## [Task brief]
Whatever pictures appear, omit them, and repeat the data below exactly.

## [Data segment]
* * * * * * * * *

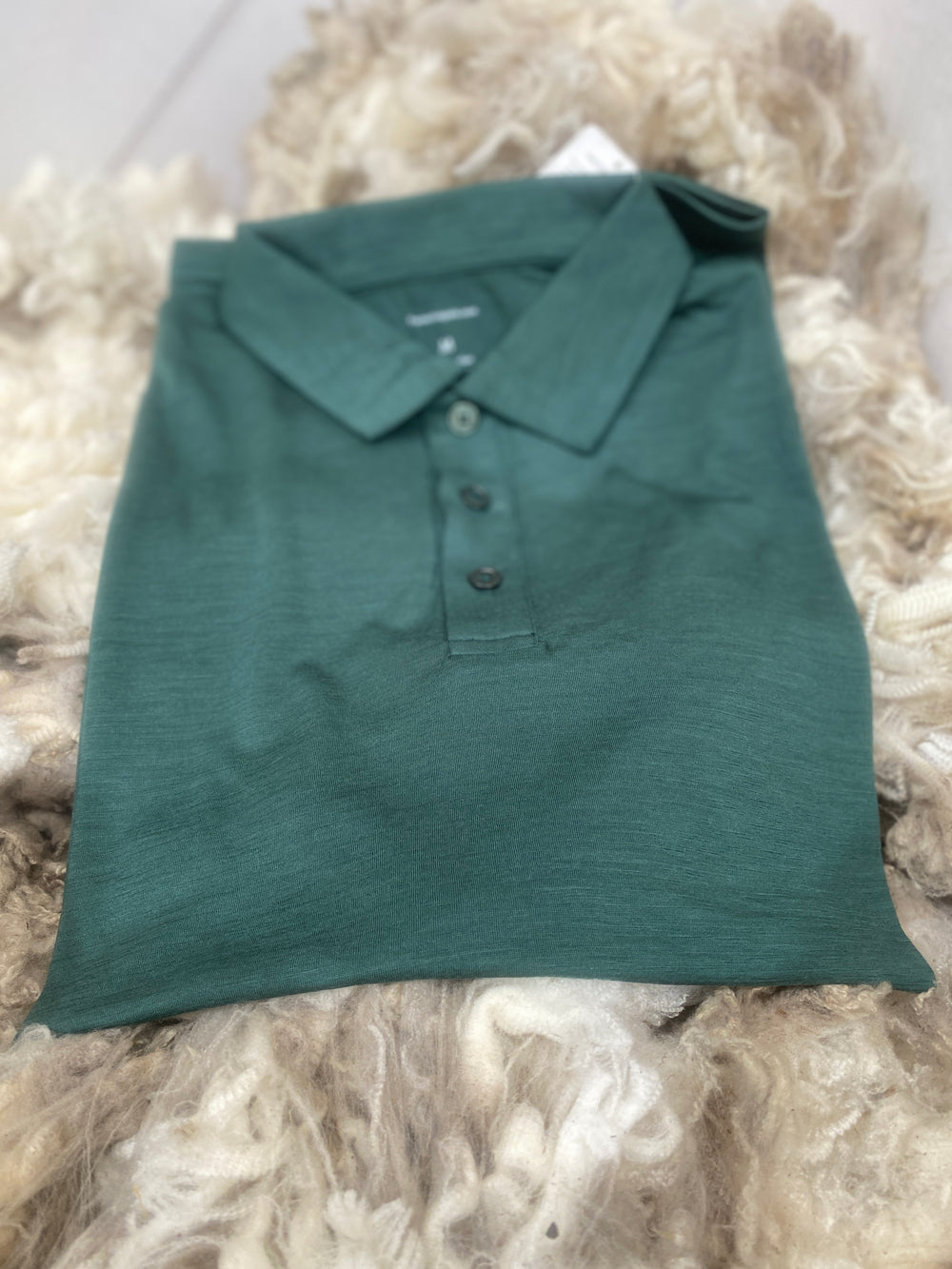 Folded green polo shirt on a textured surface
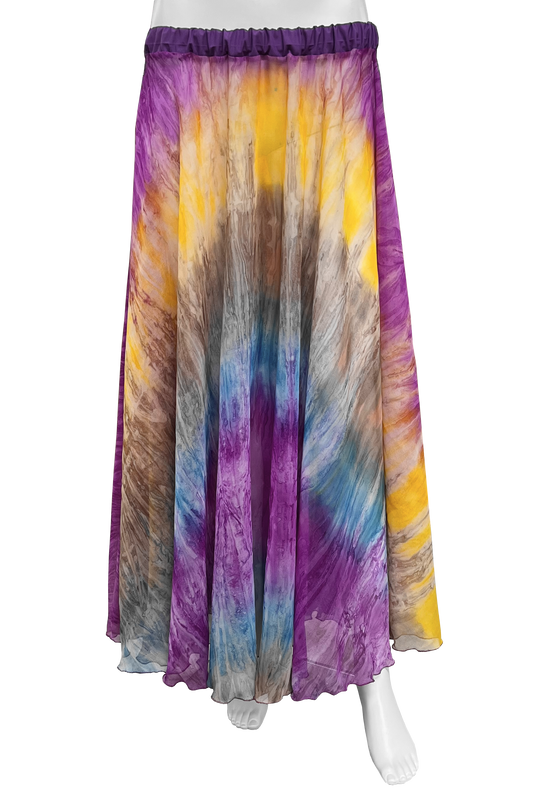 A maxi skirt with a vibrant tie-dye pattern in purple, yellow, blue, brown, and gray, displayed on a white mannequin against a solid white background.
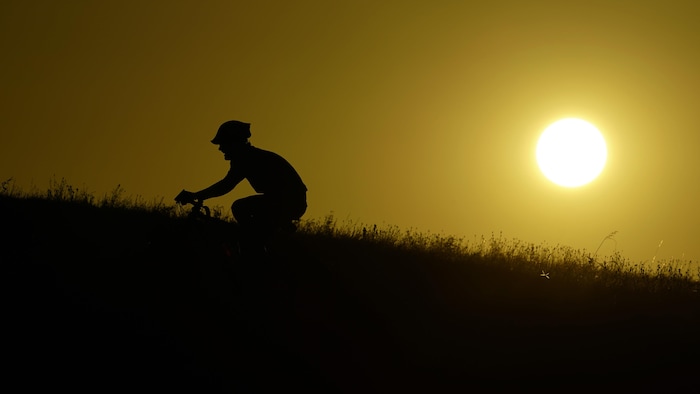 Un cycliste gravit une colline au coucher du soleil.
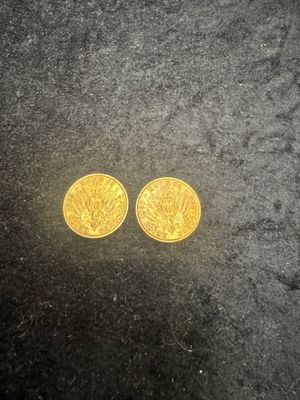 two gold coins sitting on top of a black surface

* * * * * * * * *

## [Exercise answer]
 Folded green polo shirt on a textured surface
 A maxi skirt with a vibrant tie-dye pattern in purple, yellow, blue, brown, and gray, displayed on a white mannequin against a solid white background.
 Un cycliste gravit une colline au coucher du soleil.
 two gold coins sitting on top of a black surface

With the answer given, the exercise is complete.